Published on

Elixir on Google Cloud Platform: hot code reloading?

Authors

I stepped through this guide for a Hello World app running on Google Cloud Platform. How quickly can you get something working, and how convenient would it be to use longer-term?

In doing so, I confirmed GCP doesn't make use of Erlang's hot code reloading when re-deploying apps, but how important is that?

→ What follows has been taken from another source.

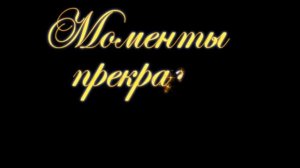 ФУТАЖ НАЧАЛА ФИЛЬМА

How long does it take to get started?

Starting point: OS X machine with Python installed; Google account with developer access and an existing payment profile.

Minutes elapsedStep
0Start!
1Create new Google Cloud project
3Add billing information (using existing payment profile) – they labour the point that you won't actually be charged
8Google Cloud SDK installed and initialised
13Elixir and Node packages installed locally
15Local development server up and running
19Distillery-based release running locally
20Start initial deploy to Google Cloud
33Initial deploy finished
35Start to deploy update to the app
45App update finished

Surprises, good and bad

  • Considering I deliberately began from a pretty unprepared starting point, I was pleased with how quickly the initial setup stages went (creating a new GCP project, installing the SDK locally, …). Quite often, these types of quick start tutorials seem quick on the surface of it, but it turns out there's a bunch of annoying admin you need to do first to get to the real starting point. Not so with this one.
  • This is a community-provided tutorial, and there are other very similarly named tutorials (see this list) with little to no distinction made about the differences between them, or why you might want to choose this over that. In addition, there are rudimentary Getting Started instructions on the GCP Elixir page which are different from the tutorials. It's easy to get confused or distracted when there's not a single, official source of information.
  • Erlang applications (and Elixir apps by extension) have a great feature of hot code loading which means that the application can be changed live, without needing to take down and restart the service. However, this feature isn't – and can't be – used in any of the full service cloud platforms as far as I know. You could implement it yourself on EC2 or similar, of course, but I'd prefer not to. More detail about why this is important below.
  • The update to the app took longer than I was expecting. The initial deploy needs to set up all sorts of infrastructure, I'm sure, so it's understandable it took a while (about 13 minutes in my case). However, the subsequent deploy should be much more straightforward and I'm surprised it took 10 minutes.
  • As is the norm (I find) with Google services, there wasn't a focus on an amazing developer experience. The platform is undoubtedly more extensible and configurable than something like Heroku, and the trade-off is that you have to wade through a bit more complexity to get things up and running, and to do common tasks.

Hot code upgrades

As mentioned above, Erlang and Elixir apps can be updated on the fly without stopping the app. In GCP's case, this feature isn't being used. I proved this to myself with the following test:

By including an Agent in the Phoenix app, I could store state between requests:

# words.ex
defmodule AppengineExample.Words do
  use Agent

  def start_link do
    Agent.start_link(fn -> [] end, name: __MODULE__)
  end

  def put(value) do
    Agent.update(__MODULE__, fn(state) -> state ++ [value] end)
  end

  def get do
    Agent.get(__MODULE__, fn(state) -> state end)
  end
end

I hooked my controllers up to that Agent, to save and retrieve words submitted from a <form>:

# page_controller.ex
defmodule AppengineExampleWeb.PageController do
  use AppengineExampleWeb, :controller

  def index(conn, _params) do
    render conn, "index.html", words: AppengineExample.Words.get
  end

  def save(conn,  %{"word" => word}) do
    AppengineExample.Words.put(word)
    redirect conn, to: "/"
  end
end

When running the server locally, I could update the code of a running server with something like:

# create the initial release
env MIX_ENV=prod mix release --env=prod

# run the server in the background
env PORT=8080 _build/prod/rel/appengine_example/bin/appengine_example foreground &

# edit mix.exs to bump the version
vim mix.exs

# create the upgrade release
env MIX_ENV=prod mix release --upgrade --env=prod

# deploy the upgrade
_build/prod/rel/appengine_example/bin/appengine_example upgrade 0.0.2

Crucially, state stored in the Agent was preserved throughout this upgrade.

When performing an analogous update on the Google Cloud app, this isn't true. GCP appears to be following the usual process of spinning up a new version of the app, then cutting over at the load-balancer level.

For webapps in frameworks like Rails or Django, this isn't a problem, as you don't store state in the app server. To achieve something similar to what I did using Agents in Elixir, you'd use Redis or similar.

However, for Elixir apps it's a shame, as process- or Agent-based state is extremely convenient. Not only that, but because it's so idiomatic there's a plethora of documentation encouraging its usage. New users in particular might get a nasty shock if they lean on process-based state then find that app updates wipe it out.